We have the pent-up demand for the new iPhone, we have the dynamics of holiday spending and we have a question mark on pattern of growth for the iPad. I’ll discuss each assumption in turn:

The first assumption remains that iPhone growth is approximately 100% for the full year. Last calendar year there were 47.5 million iPhones sold. A 100% growth would imply about 95 million for this year. So far 56 million were sold. To reach a doubling then 39 million would need to ship in Q4.

Another approach is to look at quarterly growth rates. Thus far, we’ve had 113%, 142% and 21% for the first three quarters. To reach an average of 100% for the year then the fourth quarter would need about 120% or 36 million units.

36 to 39 million would be a good bounding range if there were no other mitigating factors. The information published so far shows no particular problems with either production or access to markets so I’m going to go with 35.7 million.

The second major assumption relates to the iPad. The iPad has been a challenge to predict since launch. Not only is it a new category but it comes with a different launch cycle than the iPhone and has significant constraints on production. There have been only two quarters where we could measure y/y growth: 182.8% in Q2 and 165.6% in Q3. I was initially tempted to dial in 150% for Q4 but the question of transition comes up. The first iPad model grew well into the holiday quarter but dropped dramatically into the first as it went through the transition to the iPad 2.

Are we going to see the transition effect earlier this year? I’m being cautious and suggesting only 100% iPad growth or 14.6 million units this quarter. This is still a very challenging product to forecast.

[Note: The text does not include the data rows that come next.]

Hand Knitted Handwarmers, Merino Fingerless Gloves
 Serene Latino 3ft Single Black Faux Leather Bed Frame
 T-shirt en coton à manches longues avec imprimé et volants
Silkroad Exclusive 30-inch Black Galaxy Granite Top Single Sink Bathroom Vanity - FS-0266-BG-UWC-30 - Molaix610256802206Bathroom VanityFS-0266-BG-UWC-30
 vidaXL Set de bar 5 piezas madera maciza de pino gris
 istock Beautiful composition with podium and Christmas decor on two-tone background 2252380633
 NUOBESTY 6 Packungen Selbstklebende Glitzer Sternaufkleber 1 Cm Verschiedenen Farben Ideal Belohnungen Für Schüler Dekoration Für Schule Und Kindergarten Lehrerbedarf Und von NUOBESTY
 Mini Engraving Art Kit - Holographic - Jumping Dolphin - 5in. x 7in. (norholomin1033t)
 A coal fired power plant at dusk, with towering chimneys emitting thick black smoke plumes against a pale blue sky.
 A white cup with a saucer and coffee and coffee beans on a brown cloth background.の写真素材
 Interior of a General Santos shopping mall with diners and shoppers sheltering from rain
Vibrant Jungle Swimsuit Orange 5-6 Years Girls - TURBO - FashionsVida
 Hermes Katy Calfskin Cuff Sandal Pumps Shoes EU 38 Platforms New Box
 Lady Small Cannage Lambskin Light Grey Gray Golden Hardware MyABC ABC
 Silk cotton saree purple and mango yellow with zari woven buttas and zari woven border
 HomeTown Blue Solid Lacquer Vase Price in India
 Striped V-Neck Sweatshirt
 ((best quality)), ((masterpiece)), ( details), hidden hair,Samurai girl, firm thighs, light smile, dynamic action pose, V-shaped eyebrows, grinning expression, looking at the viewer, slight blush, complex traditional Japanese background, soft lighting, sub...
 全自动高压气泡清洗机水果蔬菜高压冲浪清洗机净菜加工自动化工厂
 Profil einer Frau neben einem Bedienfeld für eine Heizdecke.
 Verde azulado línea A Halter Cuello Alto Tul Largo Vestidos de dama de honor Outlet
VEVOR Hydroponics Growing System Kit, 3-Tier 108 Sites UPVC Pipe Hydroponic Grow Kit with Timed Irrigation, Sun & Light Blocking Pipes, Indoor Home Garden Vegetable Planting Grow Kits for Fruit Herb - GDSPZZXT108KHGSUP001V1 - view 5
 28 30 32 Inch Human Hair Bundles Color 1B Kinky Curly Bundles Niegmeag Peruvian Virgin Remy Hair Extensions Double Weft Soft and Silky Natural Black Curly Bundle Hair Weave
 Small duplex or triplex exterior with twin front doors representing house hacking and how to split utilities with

So here are my fourth calendar quarter forecasts (with y/y growth in parentheses):

  • iPhone units: 35.7 million (120%)
  • Macs: 5.2 million (27%)
  • iPads: 14.7 million (100%)
  • iPods: 13.6 million (-30%)
  • Music (incl. app) rev. growth: 22%
  • Peripherals rev. growth: 25%
  • Software rev. growth: 25%
  • Total revenues: $44.6 billion (growth: 67%)
  • GM: 42.0%
  • EPS: $12.3 (91%)

This earnings value would imply a trailing twelve months’ EPS of about 33.5. At $390/share the P/E would be 11.6. Cash and equivalents may increase to $90 billion.

  • Anonymous

    For your iPhone estimate, did you chose just below the 36-39 million range to be conservative or do you have a sense that it is on the low end or that they will have trouble making that level?

    • Being conservative.

      • Anonymous

        Horace – Thanks for sharing your work.  At $12.30/share and 940 million shares, you are expecting $11.5B in net income.  I realize that they are spending more on Cap Ex but why wouldn’t cash go up by at least $12-13B, putting them in the $93-94B in cash or nearly $100/share. You state “Cash and equivalents may increase to $90 billion”.  Crazy that $3-4B probably won’t matter in this case but was curious.  Also, do you have a view on what they should do with their cash.  I am a big proponent of a share repurchase as long as their expected growth rate in cash flow is at least double their P/E. I also think they should do a share split and institute a dividend. 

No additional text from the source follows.